Impacting the most vulnerable
And this isn’t just a UK issue. In October 2021 digital rights organisation Eticas Foundation launched the Observatory of Algorithms with Social Impact (OASI), a public registry of algorithms used by governments from all over the world.
Some European examples include an algorithm used by the Polish Ministry of Justice to match judges to court cases, one that allocates social benefits in Sweden and an algorithm to determine what services unemployed people in Spain can access.

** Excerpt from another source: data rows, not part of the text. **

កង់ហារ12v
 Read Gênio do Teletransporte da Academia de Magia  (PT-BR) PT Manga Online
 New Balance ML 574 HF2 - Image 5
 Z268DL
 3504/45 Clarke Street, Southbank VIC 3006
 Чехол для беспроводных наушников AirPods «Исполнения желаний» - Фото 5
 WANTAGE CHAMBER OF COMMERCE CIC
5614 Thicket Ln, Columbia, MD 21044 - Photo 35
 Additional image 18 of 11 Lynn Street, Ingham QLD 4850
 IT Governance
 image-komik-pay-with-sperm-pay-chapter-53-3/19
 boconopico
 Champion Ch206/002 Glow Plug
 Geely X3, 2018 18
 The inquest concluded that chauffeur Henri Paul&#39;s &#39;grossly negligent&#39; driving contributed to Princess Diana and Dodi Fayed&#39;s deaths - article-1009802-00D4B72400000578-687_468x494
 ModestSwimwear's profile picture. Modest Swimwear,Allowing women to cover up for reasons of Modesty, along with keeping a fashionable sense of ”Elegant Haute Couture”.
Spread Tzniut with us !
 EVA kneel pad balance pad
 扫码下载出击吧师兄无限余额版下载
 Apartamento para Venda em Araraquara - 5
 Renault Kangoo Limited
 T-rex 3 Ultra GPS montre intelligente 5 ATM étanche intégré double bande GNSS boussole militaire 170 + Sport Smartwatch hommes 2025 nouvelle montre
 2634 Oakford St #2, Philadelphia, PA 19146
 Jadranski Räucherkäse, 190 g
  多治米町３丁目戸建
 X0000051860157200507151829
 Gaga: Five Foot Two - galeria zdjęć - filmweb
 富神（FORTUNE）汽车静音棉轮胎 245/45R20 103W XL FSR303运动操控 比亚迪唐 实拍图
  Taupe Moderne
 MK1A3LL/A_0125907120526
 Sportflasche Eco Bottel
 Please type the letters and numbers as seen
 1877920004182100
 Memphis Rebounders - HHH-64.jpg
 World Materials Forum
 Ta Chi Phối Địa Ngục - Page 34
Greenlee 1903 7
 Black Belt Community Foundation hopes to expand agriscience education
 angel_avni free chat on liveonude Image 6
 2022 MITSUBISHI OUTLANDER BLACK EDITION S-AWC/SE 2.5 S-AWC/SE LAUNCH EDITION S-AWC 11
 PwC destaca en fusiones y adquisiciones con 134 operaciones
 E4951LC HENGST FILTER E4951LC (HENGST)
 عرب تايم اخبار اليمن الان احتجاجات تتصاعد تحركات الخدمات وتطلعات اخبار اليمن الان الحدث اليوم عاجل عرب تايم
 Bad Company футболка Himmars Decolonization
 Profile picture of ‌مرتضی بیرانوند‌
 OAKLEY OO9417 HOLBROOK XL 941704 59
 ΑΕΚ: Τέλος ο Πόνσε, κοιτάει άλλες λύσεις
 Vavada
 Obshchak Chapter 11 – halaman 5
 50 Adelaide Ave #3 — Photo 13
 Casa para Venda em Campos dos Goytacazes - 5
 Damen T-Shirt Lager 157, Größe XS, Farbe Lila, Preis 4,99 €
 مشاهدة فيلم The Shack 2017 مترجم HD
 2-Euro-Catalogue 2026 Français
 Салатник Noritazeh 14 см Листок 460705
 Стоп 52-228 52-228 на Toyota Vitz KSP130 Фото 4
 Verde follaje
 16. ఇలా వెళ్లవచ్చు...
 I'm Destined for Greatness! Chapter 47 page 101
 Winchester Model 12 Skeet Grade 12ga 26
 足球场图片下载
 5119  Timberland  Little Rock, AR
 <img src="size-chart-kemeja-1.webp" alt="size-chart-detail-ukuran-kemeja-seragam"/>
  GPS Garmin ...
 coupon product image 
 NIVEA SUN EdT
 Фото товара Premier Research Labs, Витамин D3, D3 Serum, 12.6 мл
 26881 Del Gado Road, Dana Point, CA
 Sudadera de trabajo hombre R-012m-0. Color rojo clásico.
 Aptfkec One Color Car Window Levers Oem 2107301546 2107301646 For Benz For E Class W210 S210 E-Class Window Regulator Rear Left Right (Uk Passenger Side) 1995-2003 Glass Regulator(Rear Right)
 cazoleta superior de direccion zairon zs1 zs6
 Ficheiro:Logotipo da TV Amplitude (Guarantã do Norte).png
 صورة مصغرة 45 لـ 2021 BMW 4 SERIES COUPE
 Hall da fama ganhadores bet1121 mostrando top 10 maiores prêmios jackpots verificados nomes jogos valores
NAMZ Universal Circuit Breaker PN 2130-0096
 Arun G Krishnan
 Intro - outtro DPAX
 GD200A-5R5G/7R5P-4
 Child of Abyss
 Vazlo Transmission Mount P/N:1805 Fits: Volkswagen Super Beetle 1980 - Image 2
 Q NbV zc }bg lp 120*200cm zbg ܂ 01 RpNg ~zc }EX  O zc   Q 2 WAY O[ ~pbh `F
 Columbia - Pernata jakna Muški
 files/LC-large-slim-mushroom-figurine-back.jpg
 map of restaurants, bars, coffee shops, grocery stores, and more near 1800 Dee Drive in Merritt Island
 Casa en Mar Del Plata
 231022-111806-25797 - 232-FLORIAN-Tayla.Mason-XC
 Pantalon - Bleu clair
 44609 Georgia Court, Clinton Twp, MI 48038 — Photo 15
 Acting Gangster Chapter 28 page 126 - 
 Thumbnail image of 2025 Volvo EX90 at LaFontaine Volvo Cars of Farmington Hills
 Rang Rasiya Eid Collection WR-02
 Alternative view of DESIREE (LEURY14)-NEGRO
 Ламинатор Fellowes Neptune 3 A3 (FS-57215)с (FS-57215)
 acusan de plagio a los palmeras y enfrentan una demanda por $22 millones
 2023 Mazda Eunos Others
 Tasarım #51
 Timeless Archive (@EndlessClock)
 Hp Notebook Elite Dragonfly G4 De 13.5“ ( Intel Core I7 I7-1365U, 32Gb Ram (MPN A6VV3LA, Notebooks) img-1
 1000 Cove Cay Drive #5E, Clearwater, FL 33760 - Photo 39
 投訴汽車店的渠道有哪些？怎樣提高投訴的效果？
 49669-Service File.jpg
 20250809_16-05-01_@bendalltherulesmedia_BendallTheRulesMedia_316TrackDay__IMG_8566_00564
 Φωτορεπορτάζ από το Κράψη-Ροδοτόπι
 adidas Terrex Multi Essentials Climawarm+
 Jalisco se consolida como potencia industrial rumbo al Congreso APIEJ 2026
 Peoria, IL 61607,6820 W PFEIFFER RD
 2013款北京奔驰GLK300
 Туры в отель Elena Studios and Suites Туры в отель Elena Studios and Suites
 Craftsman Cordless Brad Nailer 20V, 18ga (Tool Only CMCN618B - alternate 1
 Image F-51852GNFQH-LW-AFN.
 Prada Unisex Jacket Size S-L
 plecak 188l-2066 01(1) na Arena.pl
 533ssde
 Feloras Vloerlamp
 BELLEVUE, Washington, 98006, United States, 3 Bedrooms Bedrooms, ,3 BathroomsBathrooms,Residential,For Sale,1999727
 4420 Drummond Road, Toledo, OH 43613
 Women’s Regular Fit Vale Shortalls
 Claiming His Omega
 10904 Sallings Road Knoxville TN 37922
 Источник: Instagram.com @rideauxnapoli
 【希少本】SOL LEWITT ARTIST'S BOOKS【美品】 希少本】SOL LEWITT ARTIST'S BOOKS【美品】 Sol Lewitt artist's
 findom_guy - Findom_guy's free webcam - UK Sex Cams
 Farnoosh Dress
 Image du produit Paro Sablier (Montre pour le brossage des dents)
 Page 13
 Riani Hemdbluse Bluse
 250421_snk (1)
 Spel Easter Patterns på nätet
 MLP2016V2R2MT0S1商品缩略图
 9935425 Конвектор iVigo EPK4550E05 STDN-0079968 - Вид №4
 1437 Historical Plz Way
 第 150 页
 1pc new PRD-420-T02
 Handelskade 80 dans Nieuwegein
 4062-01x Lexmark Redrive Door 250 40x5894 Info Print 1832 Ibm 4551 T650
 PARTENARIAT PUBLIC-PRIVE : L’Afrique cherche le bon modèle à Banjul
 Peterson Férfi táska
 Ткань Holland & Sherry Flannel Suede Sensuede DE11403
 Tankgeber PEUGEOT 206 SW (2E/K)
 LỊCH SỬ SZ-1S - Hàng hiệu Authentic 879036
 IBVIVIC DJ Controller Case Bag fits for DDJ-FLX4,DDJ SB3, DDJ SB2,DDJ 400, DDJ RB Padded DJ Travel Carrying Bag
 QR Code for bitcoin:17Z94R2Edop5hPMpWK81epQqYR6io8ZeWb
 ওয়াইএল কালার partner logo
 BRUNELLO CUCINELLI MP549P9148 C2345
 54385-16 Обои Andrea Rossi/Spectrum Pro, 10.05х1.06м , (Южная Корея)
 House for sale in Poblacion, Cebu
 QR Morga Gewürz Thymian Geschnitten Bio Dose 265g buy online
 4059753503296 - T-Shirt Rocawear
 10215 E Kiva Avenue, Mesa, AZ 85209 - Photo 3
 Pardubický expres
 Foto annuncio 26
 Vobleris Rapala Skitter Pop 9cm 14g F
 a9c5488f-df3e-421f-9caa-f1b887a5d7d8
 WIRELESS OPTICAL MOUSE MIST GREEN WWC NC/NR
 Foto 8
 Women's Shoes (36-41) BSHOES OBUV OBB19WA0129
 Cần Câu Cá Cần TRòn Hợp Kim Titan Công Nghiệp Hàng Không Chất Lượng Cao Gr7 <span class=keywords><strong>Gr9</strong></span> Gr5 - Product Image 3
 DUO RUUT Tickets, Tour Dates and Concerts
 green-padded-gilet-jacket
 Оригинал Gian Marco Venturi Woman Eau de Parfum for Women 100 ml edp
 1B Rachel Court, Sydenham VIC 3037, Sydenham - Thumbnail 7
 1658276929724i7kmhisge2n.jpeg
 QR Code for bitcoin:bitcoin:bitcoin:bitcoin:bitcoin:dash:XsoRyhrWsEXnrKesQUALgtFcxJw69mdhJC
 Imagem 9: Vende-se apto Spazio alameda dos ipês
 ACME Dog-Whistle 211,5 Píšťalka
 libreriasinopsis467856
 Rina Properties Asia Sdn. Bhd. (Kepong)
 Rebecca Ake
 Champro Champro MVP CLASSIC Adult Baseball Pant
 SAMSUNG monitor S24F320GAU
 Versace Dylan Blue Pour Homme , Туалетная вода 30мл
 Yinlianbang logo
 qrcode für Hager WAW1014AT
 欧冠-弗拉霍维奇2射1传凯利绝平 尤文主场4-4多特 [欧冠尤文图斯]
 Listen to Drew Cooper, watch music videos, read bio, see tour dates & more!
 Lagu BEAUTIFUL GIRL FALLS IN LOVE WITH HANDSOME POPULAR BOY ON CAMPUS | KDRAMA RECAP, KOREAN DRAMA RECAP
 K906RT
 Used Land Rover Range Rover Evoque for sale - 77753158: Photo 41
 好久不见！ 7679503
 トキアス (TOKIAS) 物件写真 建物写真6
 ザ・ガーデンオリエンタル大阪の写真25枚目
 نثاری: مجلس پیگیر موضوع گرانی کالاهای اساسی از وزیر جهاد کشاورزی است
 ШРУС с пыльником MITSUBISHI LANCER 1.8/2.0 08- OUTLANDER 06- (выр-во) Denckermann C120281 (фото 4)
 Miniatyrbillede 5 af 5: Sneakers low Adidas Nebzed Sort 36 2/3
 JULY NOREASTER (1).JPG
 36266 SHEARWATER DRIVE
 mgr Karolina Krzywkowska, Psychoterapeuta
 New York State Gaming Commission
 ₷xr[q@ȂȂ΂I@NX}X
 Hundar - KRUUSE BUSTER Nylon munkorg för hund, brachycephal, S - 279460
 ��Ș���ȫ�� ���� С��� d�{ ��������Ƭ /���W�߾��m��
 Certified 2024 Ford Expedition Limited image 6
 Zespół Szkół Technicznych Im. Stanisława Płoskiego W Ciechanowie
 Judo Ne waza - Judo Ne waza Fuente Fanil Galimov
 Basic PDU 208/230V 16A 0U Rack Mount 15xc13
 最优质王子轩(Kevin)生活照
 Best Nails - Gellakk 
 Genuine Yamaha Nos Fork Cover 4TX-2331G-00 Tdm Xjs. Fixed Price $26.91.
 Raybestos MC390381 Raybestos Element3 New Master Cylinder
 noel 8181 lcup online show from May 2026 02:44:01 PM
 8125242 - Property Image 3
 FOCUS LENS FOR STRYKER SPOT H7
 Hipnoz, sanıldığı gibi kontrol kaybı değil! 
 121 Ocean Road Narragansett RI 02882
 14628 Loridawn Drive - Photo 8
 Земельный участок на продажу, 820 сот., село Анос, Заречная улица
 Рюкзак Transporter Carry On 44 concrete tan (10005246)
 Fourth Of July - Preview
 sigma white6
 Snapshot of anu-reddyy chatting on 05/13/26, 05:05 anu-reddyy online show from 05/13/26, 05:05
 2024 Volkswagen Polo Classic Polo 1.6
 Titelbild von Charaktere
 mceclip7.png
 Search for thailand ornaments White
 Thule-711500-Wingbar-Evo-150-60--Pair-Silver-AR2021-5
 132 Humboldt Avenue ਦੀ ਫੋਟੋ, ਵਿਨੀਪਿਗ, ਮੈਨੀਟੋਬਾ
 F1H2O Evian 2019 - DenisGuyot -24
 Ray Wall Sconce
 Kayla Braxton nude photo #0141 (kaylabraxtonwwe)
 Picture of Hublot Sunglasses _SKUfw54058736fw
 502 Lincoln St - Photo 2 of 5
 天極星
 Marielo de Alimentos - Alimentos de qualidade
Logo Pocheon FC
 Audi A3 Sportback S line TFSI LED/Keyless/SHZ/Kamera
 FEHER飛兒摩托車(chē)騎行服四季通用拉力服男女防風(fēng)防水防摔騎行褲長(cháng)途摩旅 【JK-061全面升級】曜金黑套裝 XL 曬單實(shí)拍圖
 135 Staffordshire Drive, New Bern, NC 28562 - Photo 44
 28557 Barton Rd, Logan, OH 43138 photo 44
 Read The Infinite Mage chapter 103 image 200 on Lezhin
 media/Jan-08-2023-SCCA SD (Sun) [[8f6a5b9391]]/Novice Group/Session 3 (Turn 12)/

Gemma Galdón-Clavell, founder of the Eticas Foundation, says: “What we are finding is that those systems often fail, and so they make bad decisions. They're deciding to not give unemployment benefits to someone who is eligible for them. They’re deciding to not assign the right risk to a woman, who then six months later ends up being killed by her partner.
"When bad decision making is in social services, that means that people that are entitled to things don't get those things, or people that should be protected are not being protected.”
Galdón-Clavell adds that, outside of the UK and US, very little is being done to hold automated decision-making in government to account, partly due to the lack of transparency around how algorithms are being used and what data they’re processing.
She also believes that, while automated decision-making might be brought in to make time and efficiency savings, the real effect is often the opposite: “What we see is inefficiency after inefficiency after inefficiency, up to the point where many of the systems that we've looked at end up not being used… The investment in AI is just a massive waste of money.”
Algorithms like these tend to affect the vulnerable in our society. Whether it’s those in need of social security payments, or migrants trying to find a better life in a new country, it doesn’t tend to be the people in power who rely on these kinds of decisions. When those decisions are being automated, the public has, at very least, the right to know how that automation is working.